Above are 2 code snippets from Crockford's book to demonstrate the concept of memoization.

Question 1. How do I invoke function fibonacci from any of 2 examples? By usual way fibonacci (5) ?

Question 2. As I can see, argument "n" is not defined anywhere when calling var fib = function (n) { or var shell = function (n) { .In the first example of fibonacci function I'd expect "n" to be defined right after the 2nd line var memo = [0, 1]; , and I'd expect "n" to be defined as follows: n = arguments[0]; . However since this doesn't seem to be the case, so I have to ask: how is "n" determined when fibonacci is invoked?

Thanks.

Page from Crockford's books

Question 1: How do I call each one?

The first example, note the }() at the end. This is invoking the function, which in turn gives the fib function back. So fibonacci() in the first example is really fib() with it's own internal references (eg memo and fib ), memo only being accessible by fib but lasting as a reference as long as a reference to fib exists (the variable holding fibonacci 's return).

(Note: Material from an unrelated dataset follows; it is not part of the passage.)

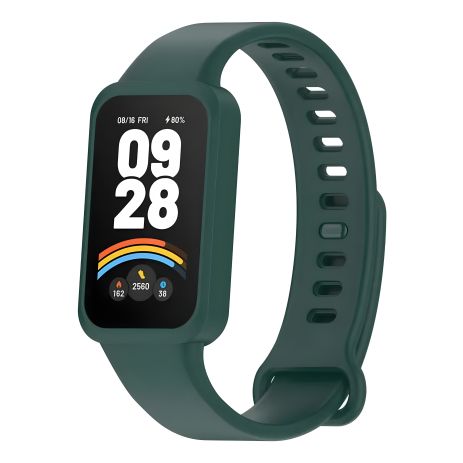 Ремешок для Xiaomi Mi Band 9 Active Original Design Atrovirens Ремешок для Xiaomi Mi Band 9 Active Original Design Atrovirens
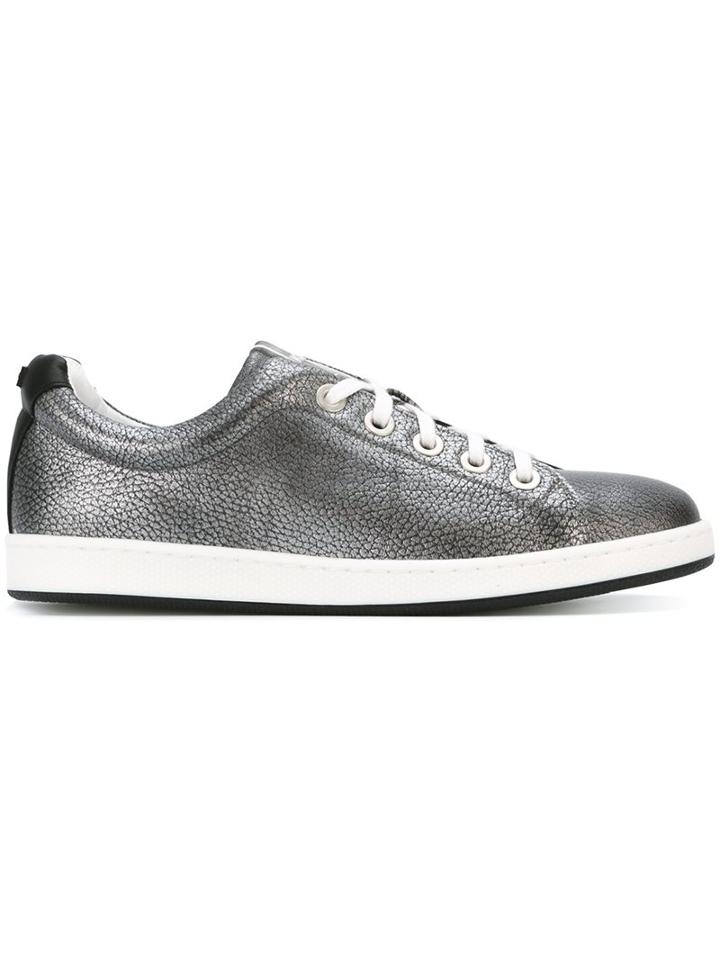 Kenzo Metallic Sneakers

The second example is similar, except it's substituting a memoizer that accepts an array of items and returns shell , which has access to the array it was passed.

Question 2: What is n as an argument doing?

Since you're really calling a reference to an internally created but externally available fib() and shell() when you call either fibonacci function, you're passing in a new number, which then has it's fibonacci sequence "memoized" by storing it in the internally available memo given at the beginning.


The point is that memoization is like a hash store where computations already known (since they were previously performed and "memoized") are accessible (preventing re-computation), and using Javascript's closure construct allows you to use internally-scoped variables to manage that access.